What do you mean, am I English?

Does it matter?

Fluorosis

Answer here

Comment

I wrote a book over at your TCO page and then deleted it. Well actually copied to text file. Might send it to you someday. Then I looked at the history of Ernest Hemingway and found this. Ripple effects you know.... Truthkeeper (talk) 03:51, 24 November 2011 (UTC)[reply]

You can send me the message. I can take it, TK. Responded at your page and at Papa's page. RetiredUser12459780 (talk) 04:18, 24 November 2011 (UTC)[reply]

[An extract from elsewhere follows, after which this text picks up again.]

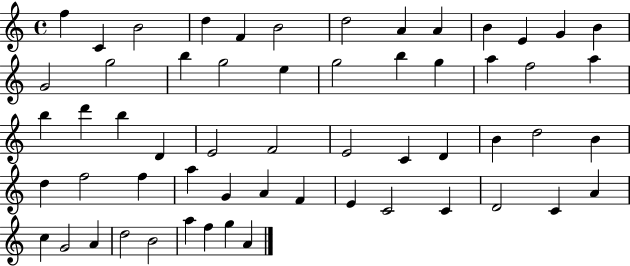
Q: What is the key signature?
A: C major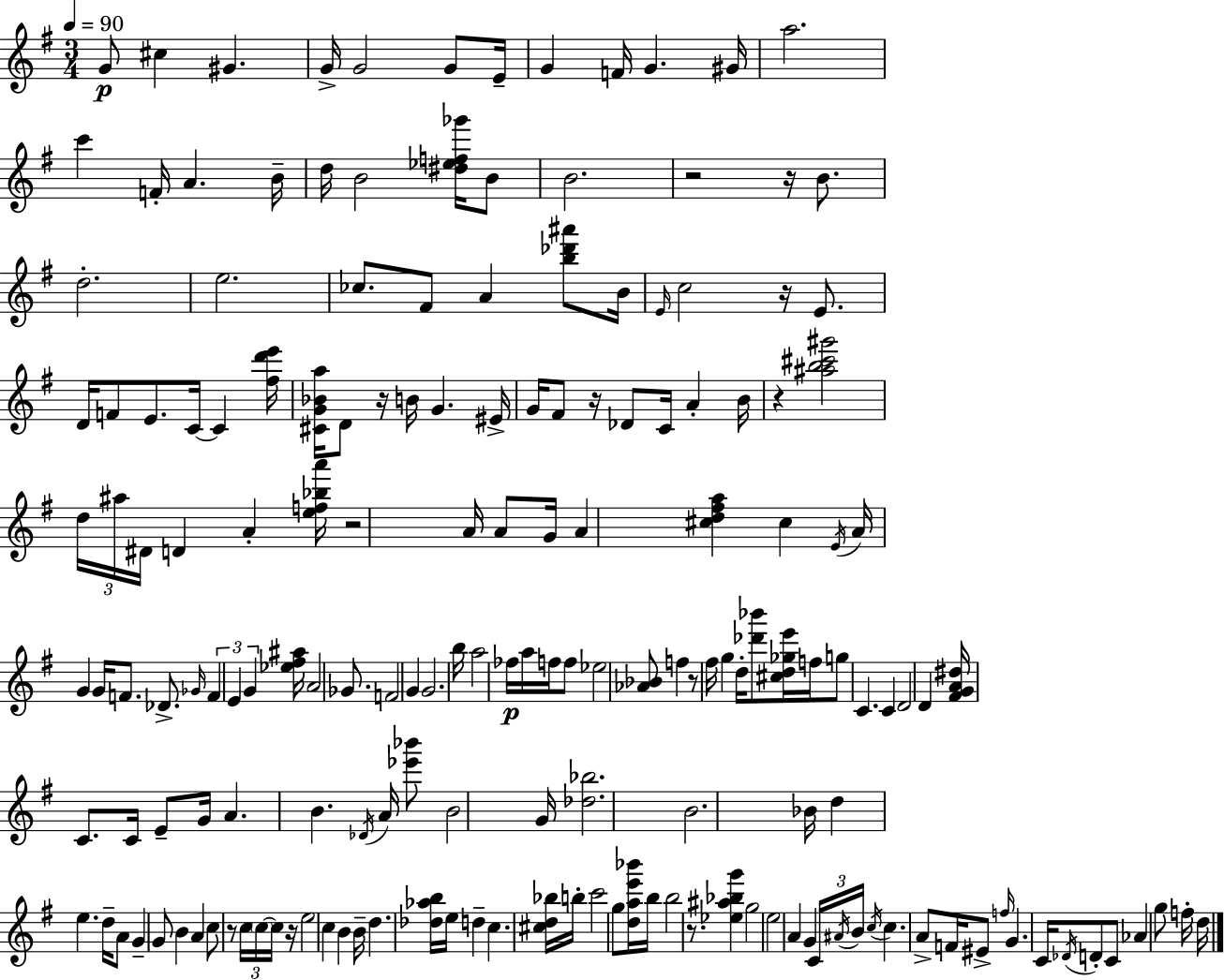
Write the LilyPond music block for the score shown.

Your study and the Signpost

Hello, TCO; I am a managing editor of the Signpost and have been watching the fallout from your study with keen interest. I am very happy that you have expressed interest in the piece being covered in the Signpost, and would like to extend an invitation for you to make your case in our pages. What I have in mind is a statement by you summarising the study's main point, and anticipating/defending against criticisms, followed by a critical response by one or more of the FAC/GA people, and perhaps a final impartial piece exploring what questions the affair raises for the quality content community and the project at large. Skomorokh 16:02, 24 November 2011 (UTC)[reply]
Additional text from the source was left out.